Are you exposing this to get an idea for demand? How are you tracking this?
Some possible edge cases to consider:
123 Summit Blvd West Palm Beach FL 33406 This returns the city as "West Palm Beach", when it is actually in "Palm Beach" and the street would be "Summit Blvd W". (How do you know? lots of ways, but ZIP is the obvious contender)
W324S7840 Paul Ln, Mukwonago, WI 53149 In some places in Wisconsin, they have something called the WISCRS ("whiskers"), which is a coordinate-based address system. The "W324S7840" is actually the "number" component, while "Paul Ln" is the street name.
Carmel, CA There is actually a portion of Carmel that doesn't have any mailboxes. Kind of a strange place. Probably not relevant to this, but worth mentioning.
Like I said, this is pretty good for naive parsing. It's not terribly useful for businesses, though, because for most business cases, you need more than simple breaking down into components.
- "SF" and "San Francisco" are equivalent but not == to each other, so if someone were using this to de-duplicate addresses, they would hit a failure point here.
- "Street" and "St" are equivalent but not == to each other, so not de-duplicatable.
- Minor misspellings, like "Warrington" vs "Warington". You can't detect these, necessarily, without a more comprehensive database, but misspellings would contribute to billing/shipping errors and duplication issues.

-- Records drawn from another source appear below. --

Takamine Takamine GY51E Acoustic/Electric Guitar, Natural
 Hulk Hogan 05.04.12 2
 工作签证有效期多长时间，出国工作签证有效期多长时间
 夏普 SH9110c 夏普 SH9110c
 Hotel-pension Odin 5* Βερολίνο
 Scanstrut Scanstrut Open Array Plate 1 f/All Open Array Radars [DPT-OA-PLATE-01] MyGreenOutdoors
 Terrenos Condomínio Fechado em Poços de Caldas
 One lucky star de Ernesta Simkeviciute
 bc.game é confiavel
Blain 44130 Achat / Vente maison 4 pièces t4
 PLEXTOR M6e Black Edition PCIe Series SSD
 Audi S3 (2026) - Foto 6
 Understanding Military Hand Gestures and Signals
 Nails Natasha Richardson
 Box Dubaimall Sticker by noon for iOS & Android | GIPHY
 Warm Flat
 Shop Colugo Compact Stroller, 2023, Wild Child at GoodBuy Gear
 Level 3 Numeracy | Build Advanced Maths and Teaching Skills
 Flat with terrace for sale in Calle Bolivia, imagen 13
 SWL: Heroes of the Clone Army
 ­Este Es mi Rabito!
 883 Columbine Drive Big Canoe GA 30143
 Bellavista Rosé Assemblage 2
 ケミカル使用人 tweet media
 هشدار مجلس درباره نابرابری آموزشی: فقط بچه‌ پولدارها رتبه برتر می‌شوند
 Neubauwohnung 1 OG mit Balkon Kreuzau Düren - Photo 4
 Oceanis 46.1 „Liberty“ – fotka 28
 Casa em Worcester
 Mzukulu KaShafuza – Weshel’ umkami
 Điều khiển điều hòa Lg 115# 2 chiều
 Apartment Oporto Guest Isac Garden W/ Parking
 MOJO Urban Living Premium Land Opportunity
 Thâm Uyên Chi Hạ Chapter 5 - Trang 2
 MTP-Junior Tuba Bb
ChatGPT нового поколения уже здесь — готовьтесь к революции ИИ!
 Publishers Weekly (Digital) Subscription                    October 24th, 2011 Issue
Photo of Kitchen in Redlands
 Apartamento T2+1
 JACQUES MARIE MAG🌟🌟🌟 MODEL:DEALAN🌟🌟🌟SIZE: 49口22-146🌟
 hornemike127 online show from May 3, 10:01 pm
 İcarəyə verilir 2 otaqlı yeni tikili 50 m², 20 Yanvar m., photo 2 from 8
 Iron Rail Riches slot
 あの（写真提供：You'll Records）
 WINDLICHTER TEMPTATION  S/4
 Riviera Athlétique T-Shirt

- ZIP codes can tell you a lot about an address. For example, all ZIPs beginning with "941" are in San Francisco, "946" are in Oakland, "945" are in Alameda, and so on. Getting a list of all the states and city ZIP codes can help you determine whether to keep or reject an address's ZIP code. For example, I put in "123 Main St, Boston, MA 90210", and it just spat out "90210". If you remember the 90s at all, you'll know that 90210 in California, not in Massachusetts. This would cause a failure in either billing or shipping for any business. The ZIP Code is actually super powerful. For example, in 94102, there are only 44 possible streets. If you were to create this ZIP-city-street mapping, you could very quickly verify the authenticity of the street, city, state, and ZIP components. (Numbers are harder, units even harder than that.)
- 401 Rodeo Way, Austin, TX is an apartment complex, but 403 Rodeo Way, Austin, TX is a parking lot (and is not a real address). For most business cases, you don't want to allow people to put in bad addresses. This is hard, though, because sometimes databases don't get updated with new construction or renovated buildings. Tricky, but something to consider.
To be clear, I think you've done a fantastic job. I built a full-featured address parser for a large real estate company a few years ago. In fact, this is my go-to coding challenge when I interview engineers. I say "Here's 123 Main St, Boston, MA 00235. Break it apart into its components." Typically, they try and split on commas or use a regex, in which case I would remove the commas and everything breaks. There are a ton of ways to write an address, all of which may be valid, but are hard to predict. Another good example would be something like "123 St Francis Ave, Boston, MA 00235". The "St" in "St Francis" trips people up often, but your app catches that. Fantastic job with that.
Keep up the good work. Super impressed. It'd be great if you could tackle some of the edge cases I mentioned above, especially with regards to correcting ZIP codes.